DATA BLOCK:
--*--

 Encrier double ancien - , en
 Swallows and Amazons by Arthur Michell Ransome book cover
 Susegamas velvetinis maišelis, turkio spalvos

--*--

Repeat the data. Keep every word the same.

 Encrier double ancien - , en
 Swallows and Amazons by Arthur Michell Ransome book cover
 Susegamas velvetinis maišelis, turkio spalvos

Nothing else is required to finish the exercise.